2. Bacterial Culture


  1. Mix the sample well (e.g., vortex mixer)
  2. Inoculate 0.1 mls of the sample onto a blood agar (BA) plate and a Sabaroud agar (SA) plate.
  3. Spread the inoculum over the entire surface of the media to allow quantitation of any colonies that grow.
  4. Incubate the BA plate aerobically at 35°C for 48hrs (the BA plate will detect a wide range of organisms that might come from humans and/or the environment)
  5. Incubate the SA plate aerobically at 30°C for 5 days (the SA plate at the lower temperature will detect the presence of Methylobacter species, which is commonly found in potable water).

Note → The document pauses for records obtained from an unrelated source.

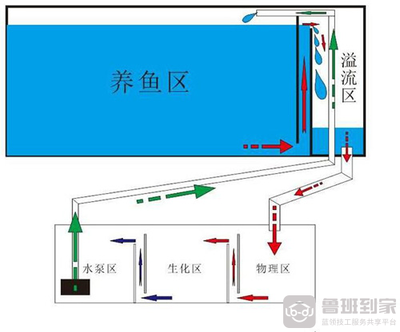詳細閱讀:魚缸過濾器怎么不運作過濾了 魚缸過濾器怎么不運作過濾了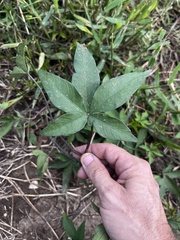 Ipomoea heptaphylla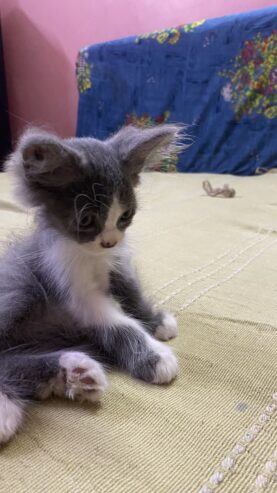 Grey color regdoll kitten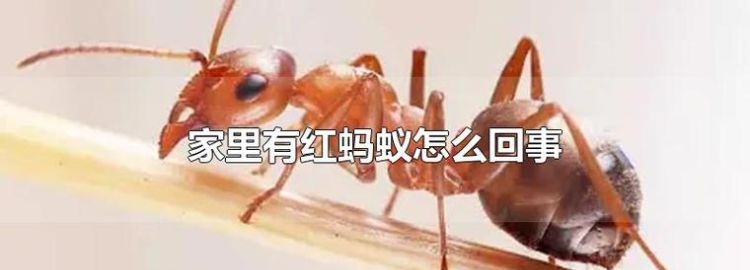家里有红蚂蚁怎么消灭,家里有咬人的红蚂蚁如何消灭它图8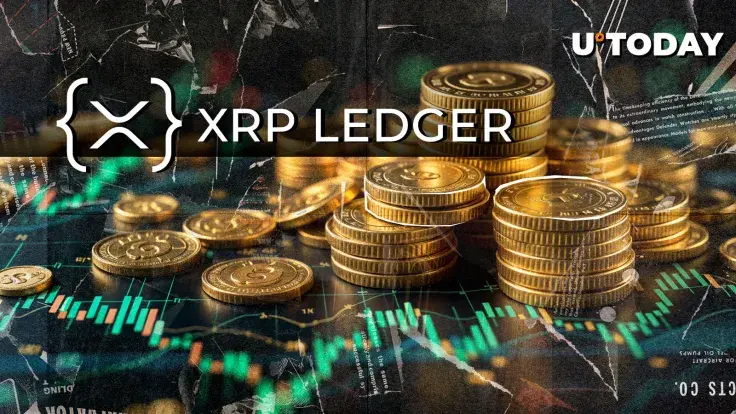 Are XRP Wallets Safe? Top Ripple Executive Issues 'Critical Warning'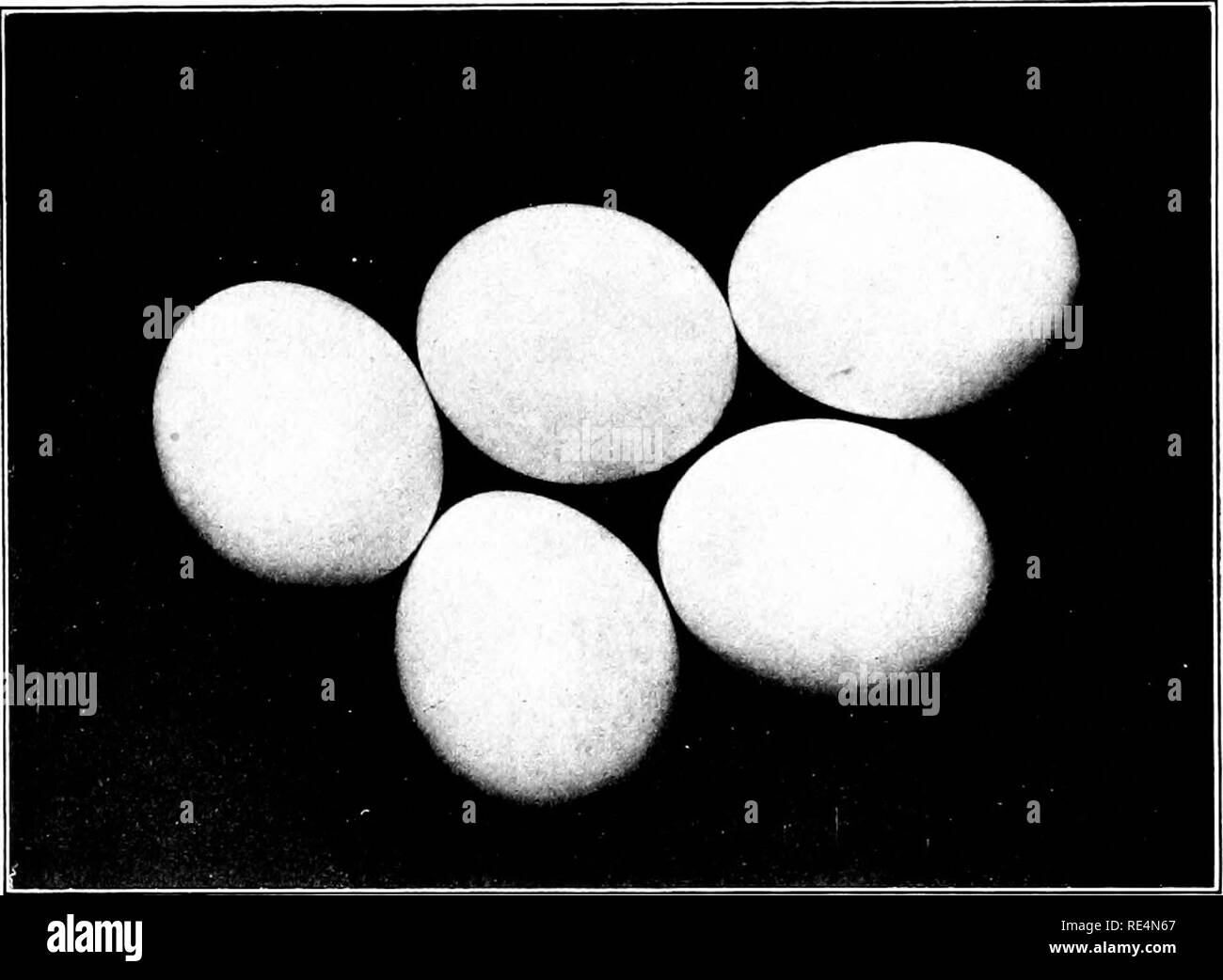 . L'oiseau, sa forme et sa fonction. Les oiseaux. Les Œufs des oiseaux qui nichent dans l'Arctique 441 hiboux, wliere l'imbrication doit avoir lieu à un délai trop tôt et le froid ce jour afin de donner à l'oisillon de temps pour atteindre l'effectif avant maturité suc-^ pouvant dépasser les envahit l'hiver, c'est que ces oiseaux pondent leurs œufs à des intervalles d'une semaine ou dix da}-s. De cette façon, la mère peut envelopper dans son plumage et garder chaud soigneusement un œuf et un à un jeune callow. Fig. 'AF&gt ;().-oeufs de St-reefh Owl. temps, et est assisté, en ce qui concerne les œufs plus tard et à l'envol, par la chaleur de la plus jeune dans le th Banque D'Images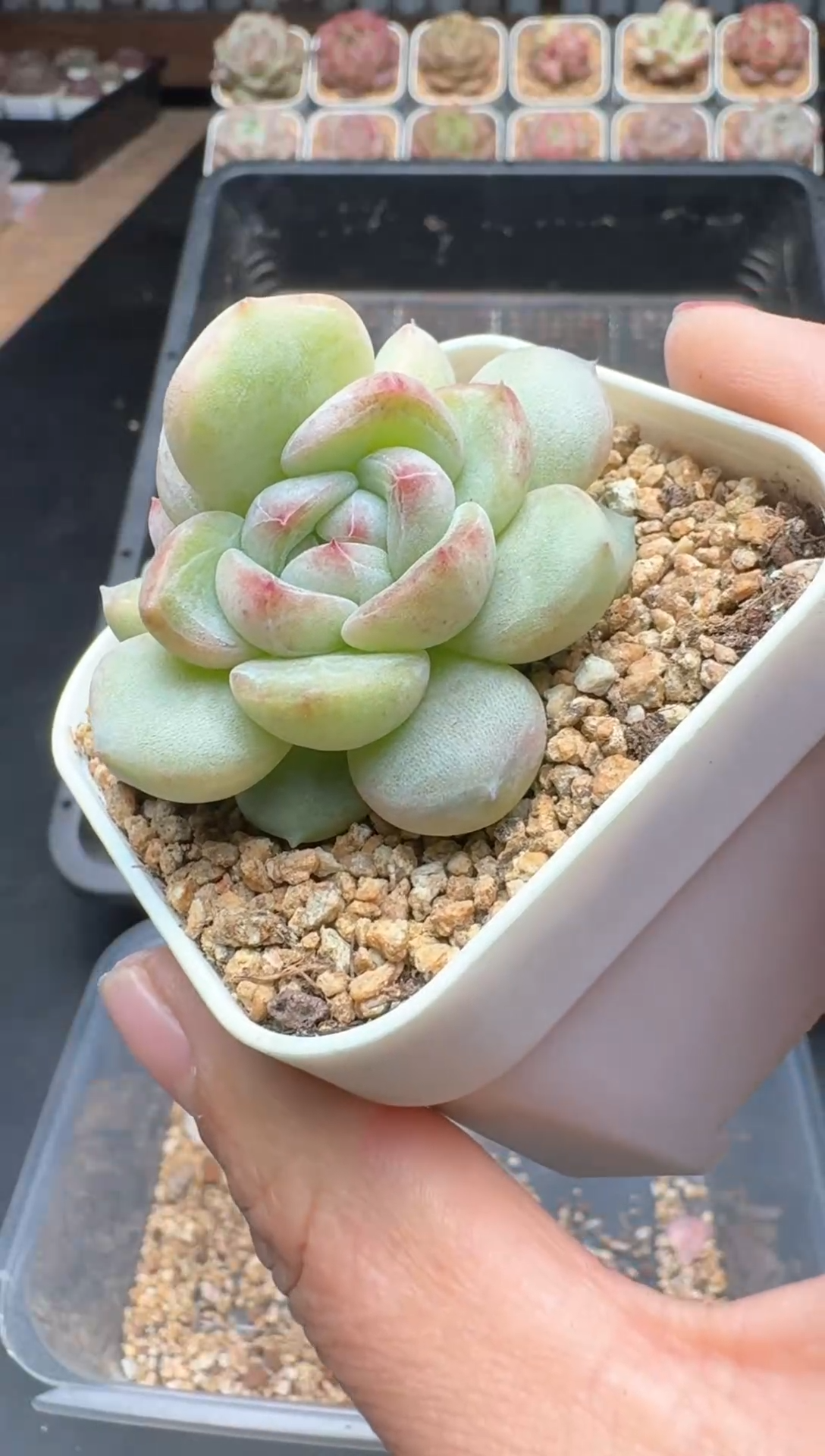 【闪购商品】577A号一物一拍多肉花卉植物拍3颗起发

If no growth is detected after 5 days of incubation the sample should be reported as having no detectable organisms. If growth of organisms is detected, the number of colonies should be counted and the colony forming units (cfu)/ml determined (cfu/ml = total number of colonies on the entire plate/0.1 mls (e.g., If 10 colonies are detected, the cfu/ml = 10/0.1 = 100 cfu/ml).

3. Interpretation

How to interpret the presence of any detectable bioburden is controversial. One published interpretation criterion is that endoscope channels would be expected to have bioburden levels that are no worse than 200 cfu/ml, which represents the cut-off of viable microorganisms for dialysis water and is within the 500cfu/ml or less cut-off (heterotrophic plate count, excluding coliforms) accepted by Canadian guidelines for potable waterFootnote (93).  If there are 20 or more colonies on the plate (e.g., 20 colonies per 0.1 mls = 200 cfu/ml), this is considered unacceptable and would be reported as < 200 cfu/ml. If 1 - 19 colonies are detected, this is considered acceptable, as a few organisms may be present due to the collection method. This result would be reported as < 200 cfu/ml. If no growth is detected the result would be reported as “no growth”.

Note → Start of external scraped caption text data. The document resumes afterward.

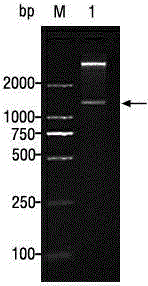 Application of glutathione reductase to binding of penicillin antibiotics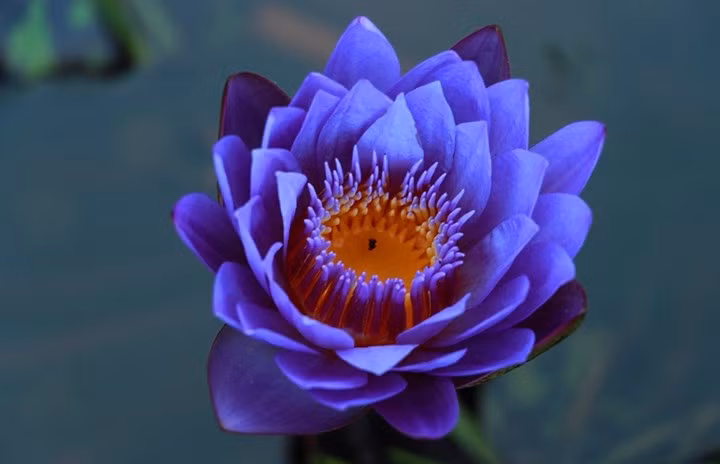  Tùy vào loại hoa súng mà giá thành khác nhau. Trung bình, mỗi cây hoa súng được anh Khanh bán ra thị trường 300.000- 500.000 đồng.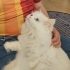 SEVGİYE AÇ BİR BRİTİSH fotoğraf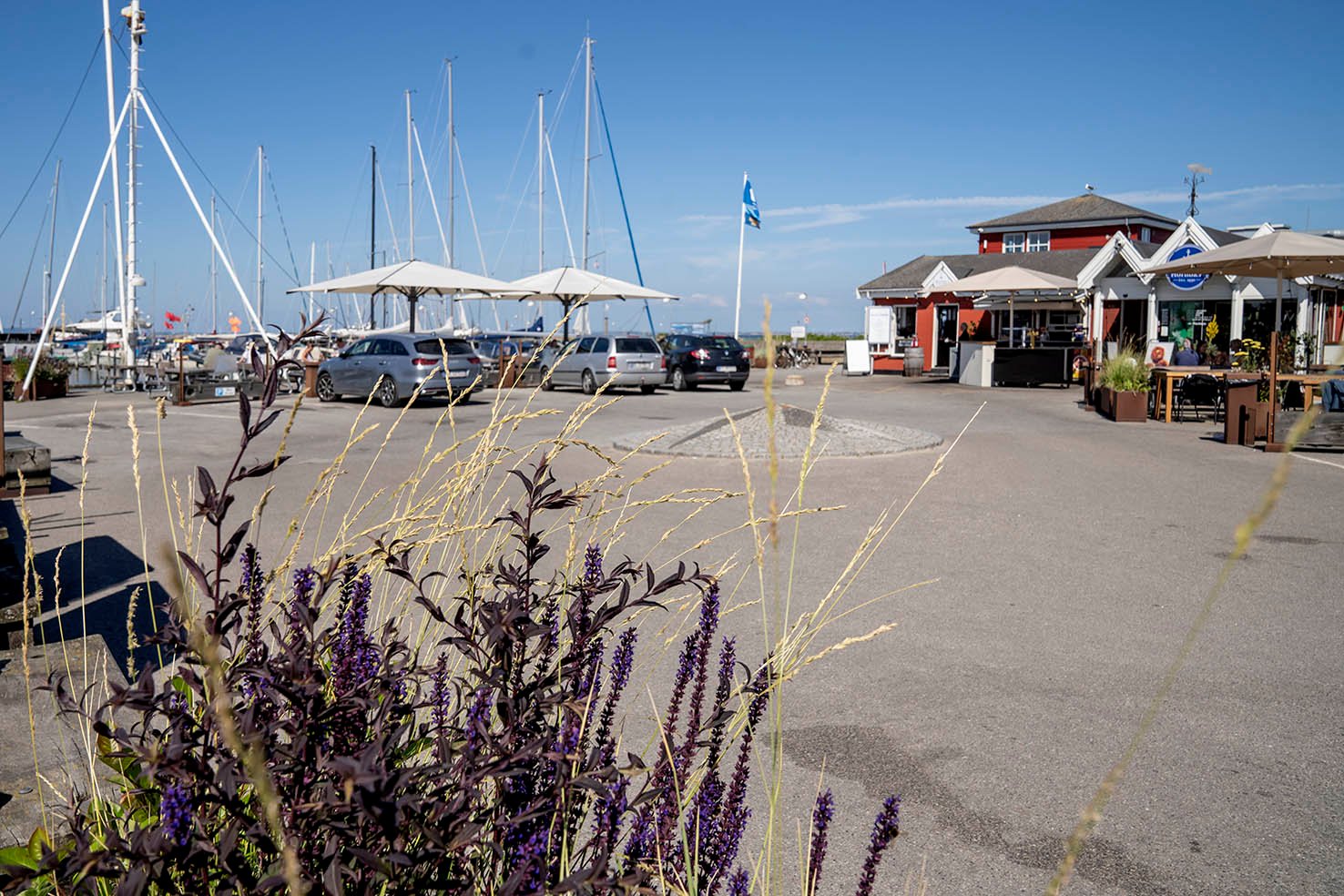 Hornbæk Havn trænger til at blive renoveret, men hvordan det skal gøres, er der mange holdninger til.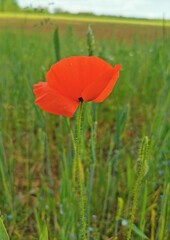 red poppy flower
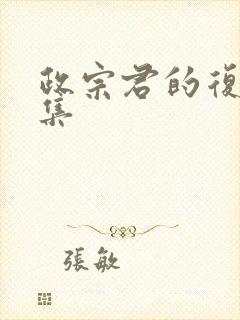 政宗君的复仇画集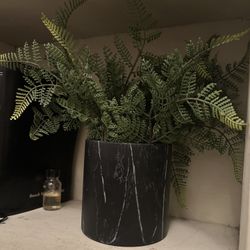 small fake fern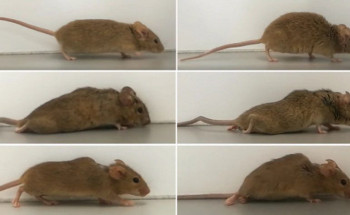 “فأر مشلول” يعيد الأمل لملايين البشر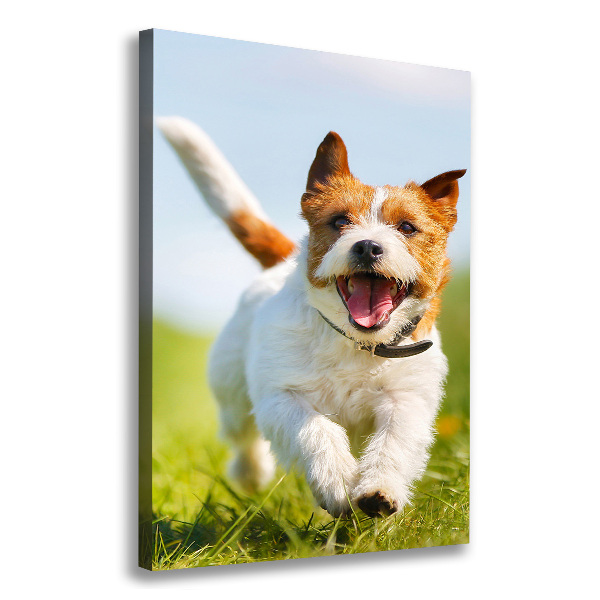 Verticale canvasfoto Jack Russell hond
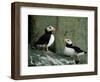 Horned Puffin (Fratercula Corniculata), St. George Island, Pribolof Islands, Alaska, USA-James Hager-Framed Photographic Print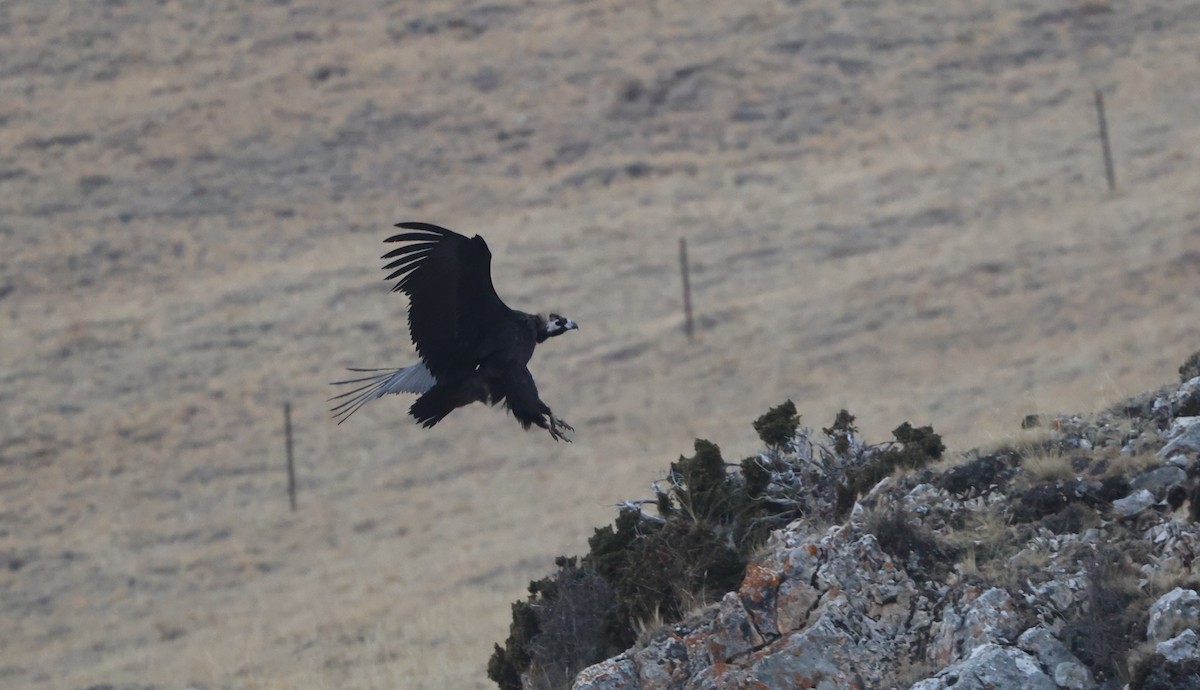 sup hnědý - ML645053947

4. Actions for Unacceptable Bioburden Levels

If the level of bioburden is ≥200 cfu/ml, then the scope should be removed from use and re-tested. If the second testing shows no problem, then the scope can be returned to use (i.e., the elevated bioburden level was an isolated situation that is not due to an ongoing process problem). If the bioburden level is ≥200 cfu/ml, on the second evaluation, then infection prevention and control needs to be contacted to identify what the problem might be and recommend solutions. At this stage testing of all scopes may be necessary to determine how wide-spread the problem is. Items to be assessed (not an exhaustive list) when unacceptable bioburden levels are repeatedly detected include:

  • Was there residual moisture in the channels during storage (review the procedure for alcohol rinsing and forced air drying prior to storage)? This is the most common reason for sporadic unacceptable bioburden levels.
  • Was the cleaning being done properly (review cleaning process to ensure fresh detergent was prepared for each scope)?
  • Is the high level disinfectant still effective (review daily minimum effective concentration (MEC) testing results)?
  • Was the final rinse post-high level disinfection (HLD) contaminated (check filter integrity if using an AER, take samples of the final rinse water from the distal side of the filters to determine bioburden levels)?
  • Is there a problem with the high level disinfectant?  To evaluate whether this is a problem, bioburden testing should be performed (sample collected as described previously) immediately after HLD to assess if the disinfection stage is ineffective.

If HLD problems are identified, Infection Prevention and Control should review the charts of patients on whom this scope had been used since the time of the last testing to evaluate if there have been any potential patient-related problems. If potential patient infections are identified, an assessment should be performed to determine the need for further outbreak investigation and/or patient notification.

The data from bioburden testing and any follow-up investigations should be reviewed with Infection Prevention and Control at the time of the occurrence.